WORK TO COMPLETE
Each line of the data below goes into the copy exactly; pictures do not.

INFORMATION PROVIDED

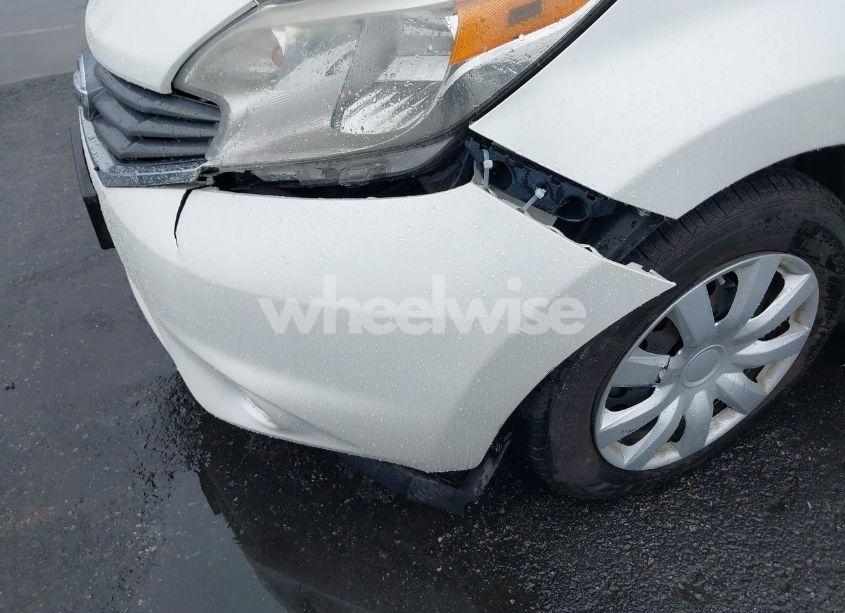 Photo 12 of 2014 Nissan Versa NOTE S PLUS (VIN 3N1CE2CP5EL415556)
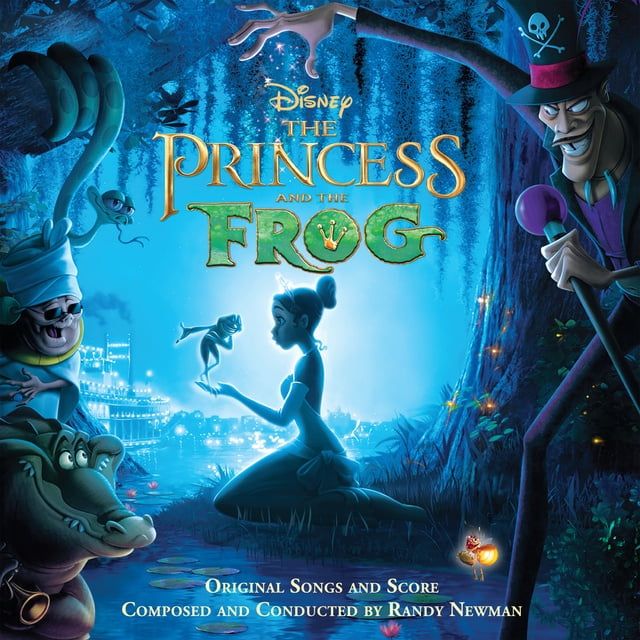 Loi bai hat Almost There (From "The Princess And The Frog" / Soundtrack Version) - Anika Noni Rose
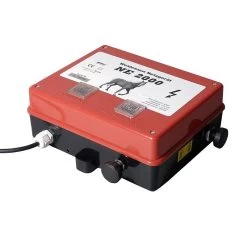 EIDER Weidezaun Netzgerät NE 2000 -Landwirtschaftliche Produkte weidezaun netzgeraet ne 2000 2
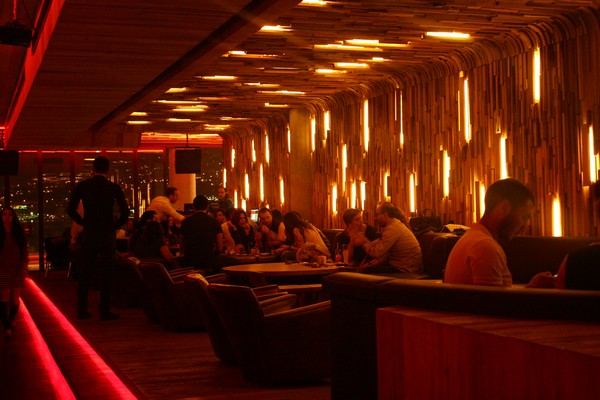 Bar National on Saturday Night 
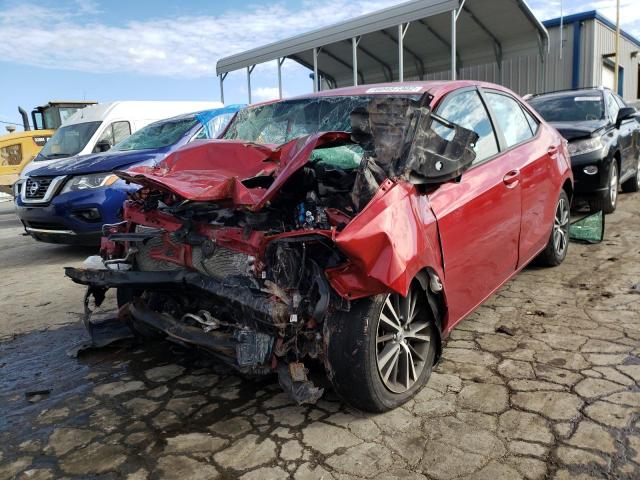 Photo 2 from auction – 2016 TOYOTA COROLLA L with VIN 5YFBURHE5GP419804
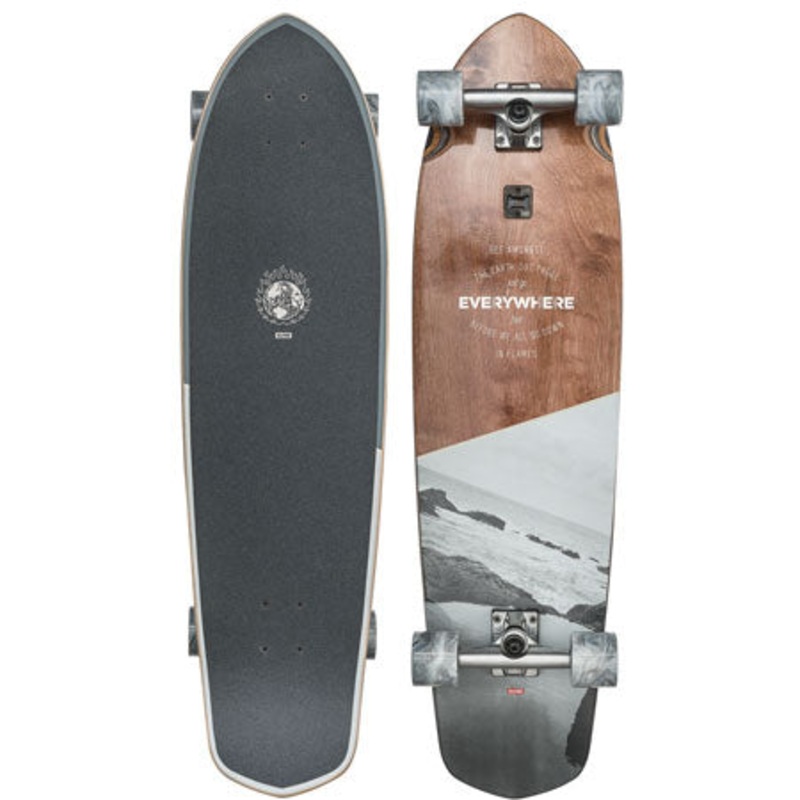 Globe Blazer XL Everywhere Longboard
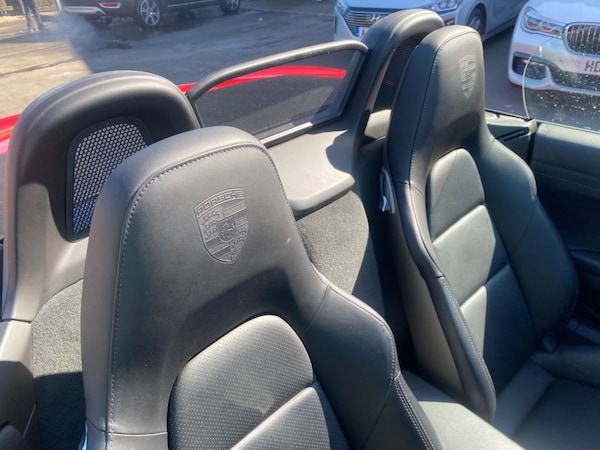 Used Porsche Boxster 2016 for sale - 74001470: Photo 6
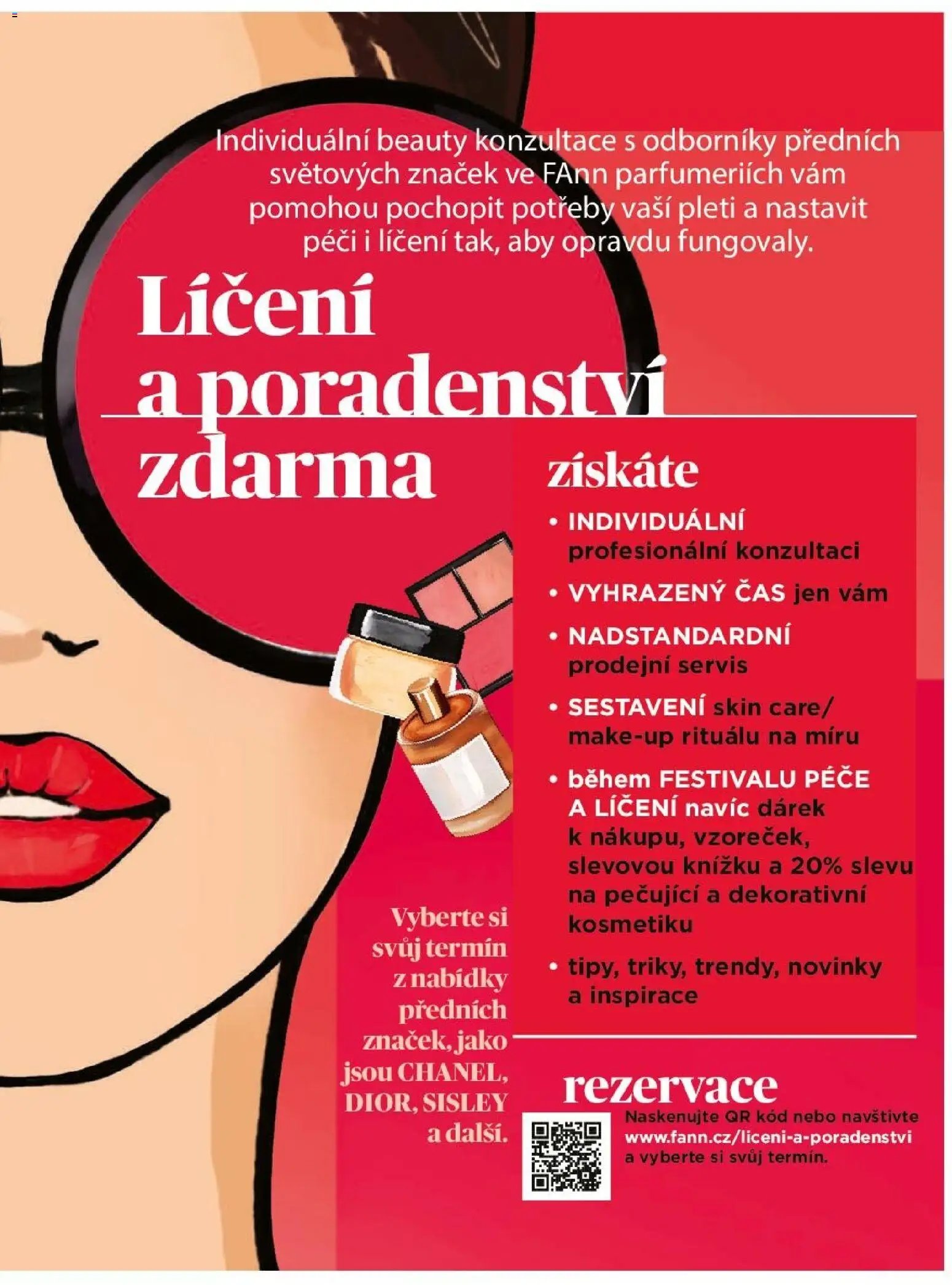 FAnn parfumerie leták od 01.06.2026 FAnn parfumerie katalog Léto 2026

WRITTEN RESPONSE
 Photo 12 of 2014 Nissan Versa NOTE S PLUS (VIN 3N1CE2CP5EL415556)
 Loi bai hat Almost There (From "The Princess And The Frog" / Soundtrack Version) - Anika Noni Rose
 EIDER Weidezaun Netzgerät NE 2000 -Landwirtschaftliche Produkte weidezaun netzgeraet ne 2000 2
 Bar National on Saturday Night 
 Photo 2 from auction – 2016 TOYOTA COROLLA L with VIN 5YFBURHE5GP419804
 Globe Blazer XL Everywhere Longboard
 Used Porsche Boxster 2016 for sale - 74001470: Photo 6
 FAnn parfumerie leták od 01.06.2026 FAnn parfumerie katalog Léto 2026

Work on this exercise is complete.